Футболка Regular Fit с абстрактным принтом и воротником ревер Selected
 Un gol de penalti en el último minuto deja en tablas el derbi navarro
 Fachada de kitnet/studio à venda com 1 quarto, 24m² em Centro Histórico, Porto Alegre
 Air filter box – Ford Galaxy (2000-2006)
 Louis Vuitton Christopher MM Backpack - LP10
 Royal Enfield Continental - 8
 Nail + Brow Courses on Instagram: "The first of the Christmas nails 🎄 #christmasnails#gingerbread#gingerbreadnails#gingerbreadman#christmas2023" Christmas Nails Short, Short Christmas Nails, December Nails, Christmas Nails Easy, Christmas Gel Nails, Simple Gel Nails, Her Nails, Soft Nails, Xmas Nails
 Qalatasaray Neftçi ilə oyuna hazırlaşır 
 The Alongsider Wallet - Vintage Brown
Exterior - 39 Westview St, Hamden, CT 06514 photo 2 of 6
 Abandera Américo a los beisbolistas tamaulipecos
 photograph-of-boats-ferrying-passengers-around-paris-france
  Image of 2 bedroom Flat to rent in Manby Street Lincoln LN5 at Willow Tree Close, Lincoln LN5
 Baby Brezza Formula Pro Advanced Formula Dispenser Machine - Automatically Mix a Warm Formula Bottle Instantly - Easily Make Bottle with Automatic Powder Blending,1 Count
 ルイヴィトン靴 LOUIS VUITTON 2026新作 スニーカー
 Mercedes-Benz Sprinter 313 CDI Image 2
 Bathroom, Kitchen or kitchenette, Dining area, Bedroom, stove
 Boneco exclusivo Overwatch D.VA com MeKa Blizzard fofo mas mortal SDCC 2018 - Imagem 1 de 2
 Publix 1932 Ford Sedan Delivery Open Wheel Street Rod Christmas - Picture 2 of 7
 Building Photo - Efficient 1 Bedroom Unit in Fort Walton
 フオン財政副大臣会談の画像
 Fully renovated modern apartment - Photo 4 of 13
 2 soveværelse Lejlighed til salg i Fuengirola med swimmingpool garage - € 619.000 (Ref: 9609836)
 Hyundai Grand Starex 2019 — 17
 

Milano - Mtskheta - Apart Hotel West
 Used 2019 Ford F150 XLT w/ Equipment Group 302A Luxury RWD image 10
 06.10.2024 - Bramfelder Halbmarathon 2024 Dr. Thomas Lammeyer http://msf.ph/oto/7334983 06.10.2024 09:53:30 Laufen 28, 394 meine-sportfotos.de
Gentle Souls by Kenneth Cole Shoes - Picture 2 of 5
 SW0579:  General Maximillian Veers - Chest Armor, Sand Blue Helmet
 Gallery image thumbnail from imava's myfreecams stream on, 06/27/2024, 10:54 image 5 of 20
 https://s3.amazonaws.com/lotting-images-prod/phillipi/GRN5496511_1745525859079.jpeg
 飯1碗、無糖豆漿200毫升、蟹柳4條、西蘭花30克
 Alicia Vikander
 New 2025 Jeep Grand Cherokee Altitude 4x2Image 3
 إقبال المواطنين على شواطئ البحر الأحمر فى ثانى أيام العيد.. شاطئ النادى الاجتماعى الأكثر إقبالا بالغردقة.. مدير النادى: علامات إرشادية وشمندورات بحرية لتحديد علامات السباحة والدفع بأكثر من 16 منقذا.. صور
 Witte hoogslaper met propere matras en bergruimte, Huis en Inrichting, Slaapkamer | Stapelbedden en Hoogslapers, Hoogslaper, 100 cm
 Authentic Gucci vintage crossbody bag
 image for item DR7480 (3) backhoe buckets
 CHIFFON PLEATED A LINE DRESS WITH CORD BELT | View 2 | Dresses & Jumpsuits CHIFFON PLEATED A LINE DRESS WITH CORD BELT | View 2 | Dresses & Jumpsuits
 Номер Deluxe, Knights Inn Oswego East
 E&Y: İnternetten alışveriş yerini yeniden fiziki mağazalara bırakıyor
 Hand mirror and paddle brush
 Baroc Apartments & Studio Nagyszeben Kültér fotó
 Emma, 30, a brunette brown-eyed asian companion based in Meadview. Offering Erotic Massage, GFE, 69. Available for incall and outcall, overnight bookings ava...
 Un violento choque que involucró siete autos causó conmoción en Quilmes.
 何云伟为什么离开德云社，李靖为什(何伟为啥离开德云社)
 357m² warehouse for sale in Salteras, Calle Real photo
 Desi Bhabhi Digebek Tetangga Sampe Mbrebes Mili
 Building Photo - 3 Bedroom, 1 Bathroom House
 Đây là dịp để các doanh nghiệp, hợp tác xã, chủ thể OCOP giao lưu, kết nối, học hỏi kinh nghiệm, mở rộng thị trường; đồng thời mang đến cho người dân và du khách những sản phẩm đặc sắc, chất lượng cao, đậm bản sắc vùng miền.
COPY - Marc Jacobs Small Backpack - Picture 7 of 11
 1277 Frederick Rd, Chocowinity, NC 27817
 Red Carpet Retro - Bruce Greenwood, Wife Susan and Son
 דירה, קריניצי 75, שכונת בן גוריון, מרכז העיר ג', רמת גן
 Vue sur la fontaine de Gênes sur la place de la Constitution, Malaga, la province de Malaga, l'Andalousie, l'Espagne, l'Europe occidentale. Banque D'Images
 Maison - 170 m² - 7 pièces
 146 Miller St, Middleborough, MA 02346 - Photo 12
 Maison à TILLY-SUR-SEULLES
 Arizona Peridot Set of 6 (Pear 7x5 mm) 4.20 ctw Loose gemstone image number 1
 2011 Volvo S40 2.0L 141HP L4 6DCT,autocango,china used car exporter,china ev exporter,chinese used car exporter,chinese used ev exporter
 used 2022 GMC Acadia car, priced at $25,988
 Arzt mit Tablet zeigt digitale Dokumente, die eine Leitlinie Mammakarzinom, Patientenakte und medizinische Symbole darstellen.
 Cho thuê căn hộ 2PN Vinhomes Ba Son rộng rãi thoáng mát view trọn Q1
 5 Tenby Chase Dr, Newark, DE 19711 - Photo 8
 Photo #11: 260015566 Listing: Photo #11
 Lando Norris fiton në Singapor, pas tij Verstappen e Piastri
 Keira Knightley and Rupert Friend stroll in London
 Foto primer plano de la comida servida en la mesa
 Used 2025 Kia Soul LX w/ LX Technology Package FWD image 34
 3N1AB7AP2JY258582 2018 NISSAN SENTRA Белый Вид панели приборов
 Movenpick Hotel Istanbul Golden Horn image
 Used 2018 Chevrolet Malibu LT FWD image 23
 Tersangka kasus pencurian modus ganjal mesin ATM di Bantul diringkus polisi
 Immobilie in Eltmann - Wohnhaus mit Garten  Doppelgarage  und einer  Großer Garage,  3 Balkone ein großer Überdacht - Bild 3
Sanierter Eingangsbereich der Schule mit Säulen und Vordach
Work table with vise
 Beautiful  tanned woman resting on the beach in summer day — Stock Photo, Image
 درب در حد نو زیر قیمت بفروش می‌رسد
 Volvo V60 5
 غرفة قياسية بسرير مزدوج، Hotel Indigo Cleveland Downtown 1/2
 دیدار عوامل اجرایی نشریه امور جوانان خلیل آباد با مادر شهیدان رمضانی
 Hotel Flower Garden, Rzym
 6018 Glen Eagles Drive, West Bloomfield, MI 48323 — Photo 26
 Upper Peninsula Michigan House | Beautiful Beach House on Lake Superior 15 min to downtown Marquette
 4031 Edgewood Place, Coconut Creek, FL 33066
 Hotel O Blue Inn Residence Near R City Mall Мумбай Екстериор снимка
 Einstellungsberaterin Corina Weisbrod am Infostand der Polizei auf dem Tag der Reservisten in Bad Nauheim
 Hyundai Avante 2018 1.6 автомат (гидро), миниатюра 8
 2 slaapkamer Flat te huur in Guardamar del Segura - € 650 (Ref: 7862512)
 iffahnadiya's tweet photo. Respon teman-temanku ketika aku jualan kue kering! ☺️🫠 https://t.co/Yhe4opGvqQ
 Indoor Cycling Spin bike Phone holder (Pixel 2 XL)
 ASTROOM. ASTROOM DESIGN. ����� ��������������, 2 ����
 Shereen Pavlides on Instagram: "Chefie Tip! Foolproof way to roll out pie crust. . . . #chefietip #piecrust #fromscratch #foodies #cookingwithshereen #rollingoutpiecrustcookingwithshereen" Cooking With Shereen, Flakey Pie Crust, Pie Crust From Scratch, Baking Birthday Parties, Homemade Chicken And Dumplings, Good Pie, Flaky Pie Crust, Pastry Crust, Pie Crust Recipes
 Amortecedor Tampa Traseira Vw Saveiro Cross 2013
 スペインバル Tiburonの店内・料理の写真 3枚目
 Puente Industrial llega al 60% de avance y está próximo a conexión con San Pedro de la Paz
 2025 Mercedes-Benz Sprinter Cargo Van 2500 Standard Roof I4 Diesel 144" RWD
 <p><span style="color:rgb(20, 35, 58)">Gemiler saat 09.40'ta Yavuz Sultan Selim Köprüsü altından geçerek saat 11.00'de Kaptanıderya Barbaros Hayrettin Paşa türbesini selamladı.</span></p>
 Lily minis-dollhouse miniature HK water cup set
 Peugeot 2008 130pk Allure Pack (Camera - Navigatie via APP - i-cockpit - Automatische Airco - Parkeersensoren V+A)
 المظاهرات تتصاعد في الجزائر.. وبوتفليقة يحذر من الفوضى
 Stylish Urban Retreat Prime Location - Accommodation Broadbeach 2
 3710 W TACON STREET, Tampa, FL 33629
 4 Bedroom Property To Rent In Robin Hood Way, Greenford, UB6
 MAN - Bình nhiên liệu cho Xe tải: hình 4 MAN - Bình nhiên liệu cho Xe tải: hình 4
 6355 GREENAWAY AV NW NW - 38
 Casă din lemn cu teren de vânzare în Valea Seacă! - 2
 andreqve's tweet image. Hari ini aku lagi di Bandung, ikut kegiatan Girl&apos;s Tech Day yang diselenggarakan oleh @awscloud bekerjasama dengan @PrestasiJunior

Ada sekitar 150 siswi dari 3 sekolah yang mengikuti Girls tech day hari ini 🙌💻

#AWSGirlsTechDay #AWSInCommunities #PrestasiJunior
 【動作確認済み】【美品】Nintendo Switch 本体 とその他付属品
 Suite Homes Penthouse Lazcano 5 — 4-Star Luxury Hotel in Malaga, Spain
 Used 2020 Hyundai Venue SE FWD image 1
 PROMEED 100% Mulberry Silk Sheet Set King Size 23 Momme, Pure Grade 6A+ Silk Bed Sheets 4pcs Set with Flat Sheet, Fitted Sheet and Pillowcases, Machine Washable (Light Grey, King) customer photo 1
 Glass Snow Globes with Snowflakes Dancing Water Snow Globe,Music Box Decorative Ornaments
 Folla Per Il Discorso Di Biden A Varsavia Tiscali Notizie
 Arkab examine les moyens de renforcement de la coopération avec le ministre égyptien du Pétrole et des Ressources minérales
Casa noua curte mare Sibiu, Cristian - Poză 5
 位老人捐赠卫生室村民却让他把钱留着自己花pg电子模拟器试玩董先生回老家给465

::::

→ What the task requires
The answer is the records above restated word for word from their opening line through the line that holds "Air filter box – Ford Galaxy (2000-2006)", both included, and nothing else.

→ Output below
Футболка Regular Fit с абстрактным принтом и воротником ревер Selected
 Un gol de penalti en el último minuto deja en tablas el derbi navarro
 Fachada de kitnet/studio à venda com 1 quarto, 24m² em Centro Histórico, Porto Alegre
 Air filter box – Ford Galaxy (2000-2006)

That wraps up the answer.